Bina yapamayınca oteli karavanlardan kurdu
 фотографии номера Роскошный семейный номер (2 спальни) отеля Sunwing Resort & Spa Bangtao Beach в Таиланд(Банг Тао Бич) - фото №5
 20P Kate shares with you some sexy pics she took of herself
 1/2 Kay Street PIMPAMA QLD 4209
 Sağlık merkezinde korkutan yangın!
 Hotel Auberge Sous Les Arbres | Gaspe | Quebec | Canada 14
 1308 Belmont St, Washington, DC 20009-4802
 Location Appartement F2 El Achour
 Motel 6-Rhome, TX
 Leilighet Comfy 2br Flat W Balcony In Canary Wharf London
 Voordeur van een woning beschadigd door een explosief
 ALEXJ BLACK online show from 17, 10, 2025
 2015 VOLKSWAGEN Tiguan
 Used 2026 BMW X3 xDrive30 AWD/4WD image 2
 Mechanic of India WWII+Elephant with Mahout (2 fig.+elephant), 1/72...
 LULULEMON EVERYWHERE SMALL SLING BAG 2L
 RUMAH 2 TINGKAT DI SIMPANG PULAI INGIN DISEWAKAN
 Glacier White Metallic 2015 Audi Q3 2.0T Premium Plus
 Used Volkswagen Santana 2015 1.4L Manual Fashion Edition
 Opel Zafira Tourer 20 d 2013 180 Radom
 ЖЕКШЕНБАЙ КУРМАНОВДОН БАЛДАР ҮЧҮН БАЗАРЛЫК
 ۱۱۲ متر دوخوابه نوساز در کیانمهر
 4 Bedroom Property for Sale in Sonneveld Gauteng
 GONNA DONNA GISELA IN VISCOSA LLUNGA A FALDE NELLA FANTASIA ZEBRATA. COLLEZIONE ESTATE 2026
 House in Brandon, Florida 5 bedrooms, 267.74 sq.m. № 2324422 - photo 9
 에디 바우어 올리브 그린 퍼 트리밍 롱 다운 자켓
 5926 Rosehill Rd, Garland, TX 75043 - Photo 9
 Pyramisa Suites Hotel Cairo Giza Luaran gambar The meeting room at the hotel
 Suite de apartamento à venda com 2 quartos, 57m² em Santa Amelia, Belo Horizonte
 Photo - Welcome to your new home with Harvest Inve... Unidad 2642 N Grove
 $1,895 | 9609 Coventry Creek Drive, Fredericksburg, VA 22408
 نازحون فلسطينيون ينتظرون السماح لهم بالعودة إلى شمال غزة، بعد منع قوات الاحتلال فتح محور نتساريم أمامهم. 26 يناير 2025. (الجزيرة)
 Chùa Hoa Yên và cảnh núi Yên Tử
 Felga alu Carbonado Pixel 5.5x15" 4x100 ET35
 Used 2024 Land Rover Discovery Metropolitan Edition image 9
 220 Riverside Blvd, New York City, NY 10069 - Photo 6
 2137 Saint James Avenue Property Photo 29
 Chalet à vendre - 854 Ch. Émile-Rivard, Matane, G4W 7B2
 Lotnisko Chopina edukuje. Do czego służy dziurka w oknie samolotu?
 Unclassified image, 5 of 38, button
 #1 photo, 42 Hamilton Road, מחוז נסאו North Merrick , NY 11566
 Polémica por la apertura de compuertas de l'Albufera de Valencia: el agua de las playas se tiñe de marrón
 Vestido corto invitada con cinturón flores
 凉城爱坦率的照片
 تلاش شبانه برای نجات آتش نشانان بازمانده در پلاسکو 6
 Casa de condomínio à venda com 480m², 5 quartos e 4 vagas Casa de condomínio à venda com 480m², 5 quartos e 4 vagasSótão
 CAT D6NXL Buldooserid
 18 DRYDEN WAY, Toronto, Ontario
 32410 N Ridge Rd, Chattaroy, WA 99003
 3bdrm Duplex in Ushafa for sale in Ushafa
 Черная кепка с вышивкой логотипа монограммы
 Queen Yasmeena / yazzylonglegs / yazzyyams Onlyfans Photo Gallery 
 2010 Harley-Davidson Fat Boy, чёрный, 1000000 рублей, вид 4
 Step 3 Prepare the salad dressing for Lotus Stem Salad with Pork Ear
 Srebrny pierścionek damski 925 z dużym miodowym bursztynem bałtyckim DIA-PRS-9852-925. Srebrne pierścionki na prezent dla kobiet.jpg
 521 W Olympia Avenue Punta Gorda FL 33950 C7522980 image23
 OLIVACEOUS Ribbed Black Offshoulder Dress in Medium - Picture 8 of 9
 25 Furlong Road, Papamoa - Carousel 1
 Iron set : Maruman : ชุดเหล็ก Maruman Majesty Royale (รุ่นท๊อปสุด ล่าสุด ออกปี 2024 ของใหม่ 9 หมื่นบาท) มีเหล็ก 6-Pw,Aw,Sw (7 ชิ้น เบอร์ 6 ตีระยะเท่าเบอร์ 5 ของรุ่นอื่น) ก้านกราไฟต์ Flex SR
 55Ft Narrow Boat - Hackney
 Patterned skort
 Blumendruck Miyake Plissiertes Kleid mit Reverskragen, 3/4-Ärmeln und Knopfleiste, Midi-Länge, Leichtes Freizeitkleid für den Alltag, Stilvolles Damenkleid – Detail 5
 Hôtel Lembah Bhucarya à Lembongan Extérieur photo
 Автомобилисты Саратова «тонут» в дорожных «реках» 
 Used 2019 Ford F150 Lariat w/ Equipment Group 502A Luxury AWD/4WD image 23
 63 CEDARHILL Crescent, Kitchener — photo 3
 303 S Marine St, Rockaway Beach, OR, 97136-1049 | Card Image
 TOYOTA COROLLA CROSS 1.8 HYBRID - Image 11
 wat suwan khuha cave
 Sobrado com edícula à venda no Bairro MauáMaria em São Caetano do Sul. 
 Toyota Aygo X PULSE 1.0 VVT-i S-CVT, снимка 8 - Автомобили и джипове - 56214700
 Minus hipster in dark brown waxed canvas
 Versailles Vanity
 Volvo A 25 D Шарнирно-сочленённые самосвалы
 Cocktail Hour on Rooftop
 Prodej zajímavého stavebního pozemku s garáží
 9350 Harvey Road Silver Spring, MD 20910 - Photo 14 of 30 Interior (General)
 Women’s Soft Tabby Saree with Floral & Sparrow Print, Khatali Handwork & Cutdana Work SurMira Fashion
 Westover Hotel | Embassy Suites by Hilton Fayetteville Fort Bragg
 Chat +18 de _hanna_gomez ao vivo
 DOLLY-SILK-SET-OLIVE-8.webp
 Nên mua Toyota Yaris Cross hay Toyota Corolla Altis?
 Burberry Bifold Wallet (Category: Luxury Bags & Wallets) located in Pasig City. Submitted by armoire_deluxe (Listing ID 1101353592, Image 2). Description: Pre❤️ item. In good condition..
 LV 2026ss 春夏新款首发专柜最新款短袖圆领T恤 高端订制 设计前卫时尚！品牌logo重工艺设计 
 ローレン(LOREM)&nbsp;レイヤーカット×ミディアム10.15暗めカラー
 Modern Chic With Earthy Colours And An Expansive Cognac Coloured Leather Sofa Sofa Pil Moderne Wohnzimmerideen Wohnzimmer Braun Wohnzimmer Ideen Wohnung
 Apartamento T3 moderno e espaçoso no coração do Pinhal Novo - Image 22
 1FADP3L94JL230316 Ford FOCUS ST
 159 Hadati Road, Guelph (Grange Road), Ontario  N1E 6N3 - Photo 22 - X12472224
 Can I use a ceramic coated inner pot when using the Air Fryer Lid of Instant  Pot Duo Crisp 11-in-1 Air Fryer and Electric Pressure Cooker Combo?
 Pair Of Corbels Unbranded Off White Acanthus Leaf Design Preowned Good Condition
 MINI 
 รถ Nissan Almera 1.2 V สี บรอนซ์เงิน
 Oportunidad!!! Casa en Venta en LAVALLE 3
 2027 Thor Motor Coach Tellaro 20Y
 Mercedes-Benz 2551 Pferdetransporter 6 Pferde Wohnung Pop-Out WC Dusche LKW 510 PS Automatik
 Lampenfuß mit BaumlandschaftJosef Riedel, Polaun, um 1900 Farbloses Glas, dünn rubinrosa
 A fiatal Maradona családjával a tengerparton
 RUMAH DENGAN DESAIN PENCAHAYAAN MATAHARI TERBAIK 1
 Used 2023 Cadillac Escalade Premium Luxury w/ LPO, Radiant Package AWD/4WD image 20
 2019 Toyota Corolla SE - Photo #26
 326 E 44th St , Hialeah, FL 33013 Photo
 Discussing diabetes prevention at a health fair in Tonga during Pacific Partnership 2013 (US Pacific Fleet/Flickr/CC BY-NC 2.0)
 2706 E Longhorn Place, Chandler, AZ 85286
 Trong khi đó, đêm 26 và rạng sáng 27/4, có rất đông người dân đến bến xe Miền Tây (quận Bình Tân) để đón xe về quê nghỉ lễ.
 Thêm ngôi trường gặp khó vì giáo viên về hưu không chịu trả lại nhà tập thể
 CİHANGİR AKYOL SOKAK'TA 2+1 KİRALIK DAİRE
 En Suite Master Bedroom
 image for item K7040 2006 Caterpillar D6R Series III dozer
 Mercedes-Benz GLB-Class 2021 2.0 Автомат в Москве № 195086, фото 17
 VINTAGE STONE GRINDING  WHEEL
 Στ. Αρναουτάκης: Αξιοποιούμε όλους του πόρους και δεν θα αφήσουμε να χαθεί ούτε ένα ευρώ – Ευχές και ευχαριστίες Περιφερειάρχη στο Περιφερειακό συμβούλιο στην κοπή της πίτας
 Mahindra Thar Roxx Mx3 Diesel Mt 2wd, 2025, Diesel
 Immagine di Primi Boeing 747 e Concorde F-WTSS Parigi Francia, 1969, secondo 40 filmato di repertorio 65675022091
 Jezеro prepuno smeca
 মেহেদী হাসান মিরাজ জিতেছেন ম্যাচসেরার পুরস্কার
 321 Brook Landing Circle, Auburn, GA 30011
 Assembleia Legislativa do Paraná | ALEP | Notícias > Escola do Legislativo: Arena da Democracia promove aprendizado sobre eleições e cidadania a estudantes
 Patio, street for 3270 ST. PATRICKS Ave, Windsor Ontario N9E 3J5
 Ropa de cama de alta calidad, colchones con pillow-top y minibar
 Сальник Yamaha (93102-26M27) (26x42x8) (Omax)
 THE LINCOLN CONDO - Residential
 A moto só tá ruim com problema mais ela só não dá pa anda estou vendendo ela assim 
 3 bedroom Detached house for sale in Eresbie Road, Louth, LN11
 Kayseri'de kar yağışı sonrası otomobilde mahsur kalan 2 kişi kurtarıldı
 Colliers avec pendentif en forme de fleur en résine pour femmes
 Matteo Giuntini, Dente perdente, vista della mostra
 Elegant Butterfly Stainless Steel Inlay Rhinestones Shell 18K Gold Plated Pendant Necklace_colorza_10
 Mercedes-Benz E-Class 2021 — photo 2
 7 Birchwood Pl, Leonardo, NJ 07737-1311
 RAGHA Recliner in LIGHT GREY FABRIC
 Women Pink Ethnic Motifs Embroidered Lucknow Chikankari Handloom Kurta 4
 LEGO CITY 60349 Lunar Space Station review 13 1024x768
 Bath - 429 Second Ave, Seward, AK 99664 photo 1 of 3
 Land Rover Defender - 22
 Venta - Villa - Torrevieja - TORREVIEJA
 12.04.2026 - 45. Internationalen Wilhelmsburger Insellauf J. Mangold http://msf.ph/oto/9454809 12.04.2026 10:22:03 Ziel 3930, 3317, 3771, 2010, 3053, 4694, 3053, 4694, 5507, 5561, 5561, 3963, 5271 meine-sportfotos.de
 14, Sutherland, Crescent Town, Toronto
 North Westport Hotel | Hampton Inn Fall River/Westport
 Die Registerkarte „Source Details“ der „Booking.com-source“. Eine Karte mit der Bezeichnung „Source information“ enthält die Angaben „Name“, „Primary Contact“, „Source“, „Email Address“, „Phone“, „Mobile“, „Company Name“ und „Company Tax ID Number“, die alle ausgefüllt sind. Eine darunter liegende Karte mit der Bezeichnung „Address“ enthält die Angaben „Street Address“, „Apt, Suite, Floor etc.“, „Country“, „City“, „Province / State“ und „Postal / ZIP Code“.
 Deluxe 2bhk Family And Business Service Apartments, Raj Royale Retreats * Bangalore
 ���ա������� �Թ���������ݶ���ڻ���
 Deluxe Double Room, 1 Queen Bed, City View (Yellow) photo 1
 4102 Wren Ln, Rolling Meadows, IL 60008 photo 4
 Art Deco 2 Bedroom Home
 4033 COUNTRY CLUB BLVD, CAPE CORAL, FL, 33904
# # # # #
ACTION ITEM |
Which lines of the records above hold the word "Ford"? Copy each one out.

EXERCISE OUTPUT |
 Used 2019 Ford F150 Lariat w/ Equipment Group 502A Luxury AWD/4WD image 23
 1FADP3L94JL230316 Ford FOCUS ST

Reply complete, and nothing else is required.